BEGIN Data

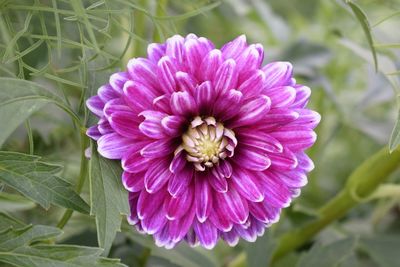 Close-up of purple flower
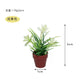 Fairy Garden Accessories plant flower
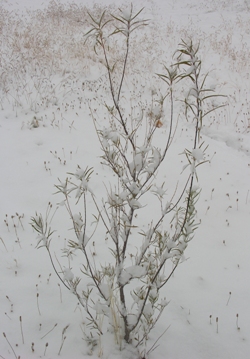 Photograph depicts 28Oct2009SnowDesertWillow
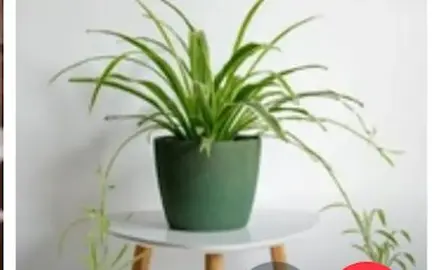DONNE plantes chlorophytum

END Data

Description of the task:
Give the data above again, exactly and completely. No pictures go in.

Solved problem:
 Close-up of purple flower
 Fairy Garden Accessories plant flower
 Photograph depicts 28Oct2009SnowDesertWillow
DONNE plantes chlorophytum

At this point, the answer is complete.